How To Avoid False Advertising in Real Estate
Any agent will tell you that being accused of misleading or deceptive conduct is just about the worst thing that could possibly happen in a real estate career. So let’s take a quick look at what that means and how to ensure you don’t fall into those false advertising traps.
What Is False Advertising?
In real estate, you as the selling agent are responsible for all the communication with the public regarding a listing. As such, there are a lot of things that can go wrong — and if you misrepresent a listing in a particular way, you can be reported to the Australian Competition and Consumer Commission for “misleading and deceptive content” — and nobody wants that.
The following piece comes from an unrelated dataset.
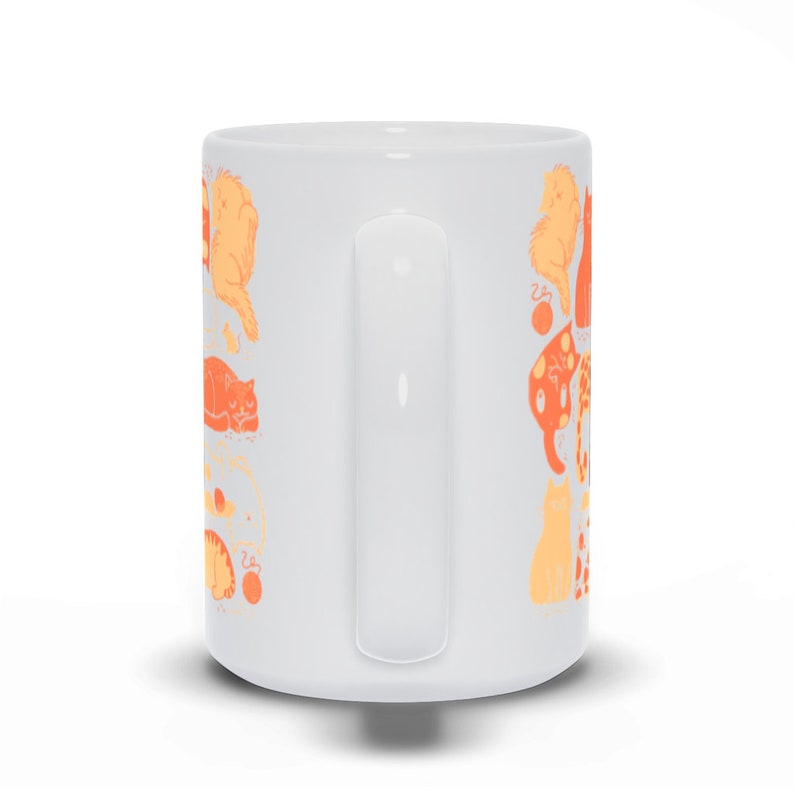 Taza de gatos soñolientos, taza de gato naranja, taza de gato, regalo de amante de los gatos, dama loca del gato, dama del gato, taza de papá gato, taza de gato divertido, taza de café de gato naranja imagen 2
False advertising, therefore, is the process of building a listing in a way that doesn’t represent the truth — this can be in the form of edited photography, inaccurate descriptions, and misleading pricing.
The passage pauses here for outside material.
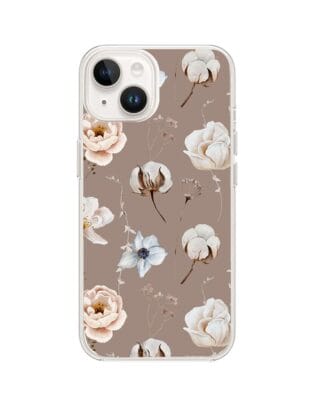 Etui do iPhone 13 Mini przeźroczyste, silikonowe Flexi, akwarelowe kwiatki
Photography is one of the most important parts of real estate marketing — if you can’t show photos of a property, how will anyone know whether they want to live there? But with the development of digital photography and modern editing software like Photoshop and Lightroom, agents and photographers can be tempted to make a home look even better in an effort to attract more interest and competition — and, therefore, increase prices. Of course, simply cleaning a property and adding additional lighting isn’t enough to be considered misleading, but something like covering a hole in a wall or editing out nearby landmarks like electricity, phone, and water towers definitely is. Similarly, using photos that are out of date can be considered deceptive if the property has changed meaningfully, so be sure your photos accurately match the reality of the property.
The biggest pitfalls to watch out for in your listing descriptions are related to land and the legal restrictions around the property’s development potential, which can be a huge selling point. If you feel like a property is big enough to be subdivided, don’t just say that in the description — double check with your legal team that it meets the requirements. The same goes for bigger developments like residential or commercial buildings, and you need to accurately represent the land and property size, the drainage and water supply, and any notable topological features.
Outside of the property itself, make sure you confirm other attractive features like school catchment areas or walking distances to suburb centres.
The final and most egregious false claim an agent can make is misleading buyers on a property’s price. The key is to set in stone the minimum that the vendor is willing to accept in the sale, and include that in your listing. If you represent a property as being for sale at a specific price but know that the vendor won’t sell at that price, that is misleading conduct. Here’s an example: Your seller has decided a list price of $500,000. If you advertise for “Offers over $490,000” to try and attract more buyers, that is misleading — you’re telling buyers that they could acquire the property for less than the seller’s minimum, even if that doesn’t actually happen. Instead, just invite offers over the list price — this will tell buyers that they’ll want to aim higher to secure the property from the competition.